Here is what we advise our clients on this form of letter-writing: Immediately, after your interview, write down a thorough analysis of what was said, both good and bad. Then, since you can't profit from your mistakes, or the bad points, throw them out. Concentrate on what seemed to be of most interest to your interviewer. In the light of hind-sight, you should be able to find several things you said well but which you could have stated better, and you may be able to find one or two strong points that you now recognize to be of special interest to your interviewer that you failed to mention at all. Above all, get down in writing the names, correctly spelled, and titles, of all the executives mentioned during the interview who might have some influence on your future.
He got the job! Yet when he came to me after the interview, he was ready to call it quits. It had been particularly discouraging, the result of a well-meant lead by a contact who hadn't bothered to fill himself in with the details. My client went fully prepared, only to discover he was applying at the right company for the wrong job. "Boy, what a jerk they must think I am at that place now," he said to me.
Maybe so, but his follow-up letter made a friend out of the executive who had been compelled to turn him down, and as a friend he was able to steer my client to the job he might never have heard about.

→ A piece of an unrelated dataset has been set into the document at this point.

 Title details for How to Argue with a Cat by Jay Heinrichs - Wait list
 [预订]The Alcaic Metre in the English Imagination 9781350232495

Circumstances alter factors, but in general you can be sure of a favorable response if your letter shows solid interest in your interviewer and the company he represents, and specifically when the letter reveals that you were attentive enough during the interview to recognize your interviewer's personal fields of interest. By not hitting him again for the job on which he had to turn you down, you have relieved his conscience, and by recalling the name of an associate who might have such a job, you have moved him to become your salesman. And by adding some factors overlooked in the first interview, you have discounted the negative effects produced on that occasion, replacing them with a fresh line of positive thoughts.

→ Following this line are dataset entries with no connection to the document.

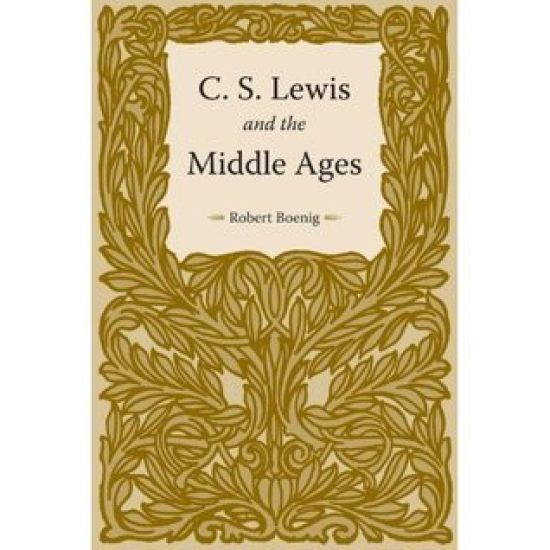 C. S. Lewis and the Middle Ages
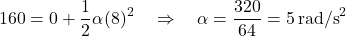 \[160 = 0 + \frac{1}{2} \alpha (8)^2 \quad \Rightarrow \quad \alpha = \frac{320}{64} = 5 \, \text{rad/s}^2\]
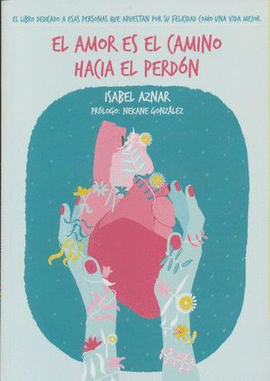 EL AMOR ES EL CAMINO HACIA EL PERDÓN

(5) In thinking about a step upward, do not confuse the size of the company with the size of the opportunity. It is true that a mediocre man can remain unnoticed in a large company, and even get raises from year to year by virtue of seniority, but the man content with that vegetable type of progress is neither your concern nor mine. It is also true that a well-qualified man can often be recognized quicker in a small concern than in a large one, but that is not too satisfactory, either. Is he really the big frog, he wonders, or is it the pond that's too small? There are some six million companies in the United States, ranging from the crossroads store to General Motors and similar giants. If the jobs were shared equally amongst them, they would average ten employees each. As it is, a handful of giants employ more than 100,000 persons each, and only some 25,000 companies employ more than 1,000 men and women each. Thus, for all the emphasis on the "corporation man," and the "government or civil service man," it is clear that more people find success in small companies than in large.

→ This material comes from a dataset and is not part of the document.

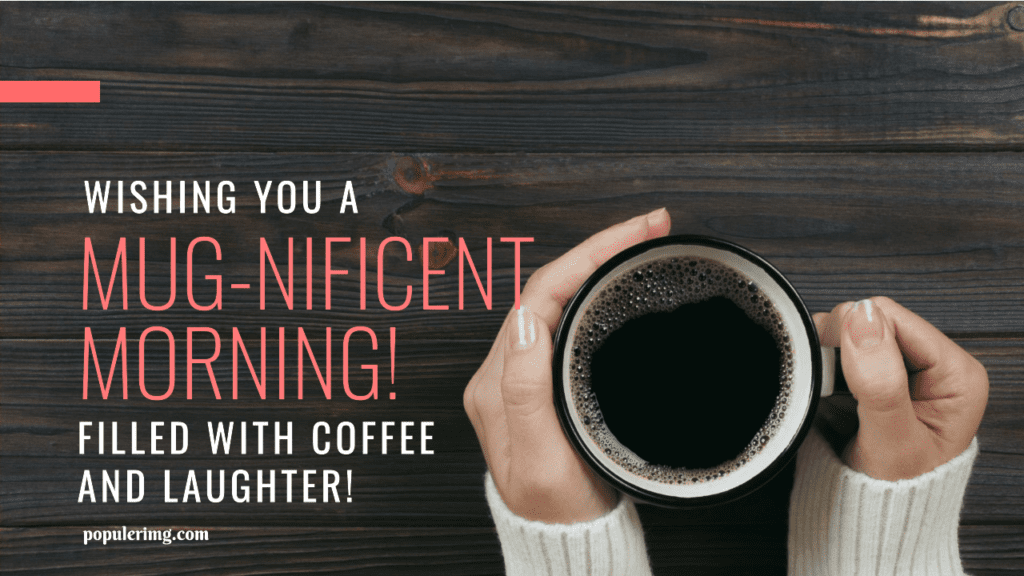 Wishing You A 'Mug-Nificent' Morning Filled With Coffee And Laughter! - Funny Black Good Morning Quotes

I prefer to put it this way. If you want to make a habit of success, you will not be concerned with the protection a large company has to offer the man of mediocre talents, nor will you be content with being the big frog if your pond is a puddle. Static security, big frog or polliwog, can produce only stagnation and rut employment. To take advantage of change and progress, to plan to succeed steadily and excitingly, is not a matter of company size but of personal ambition.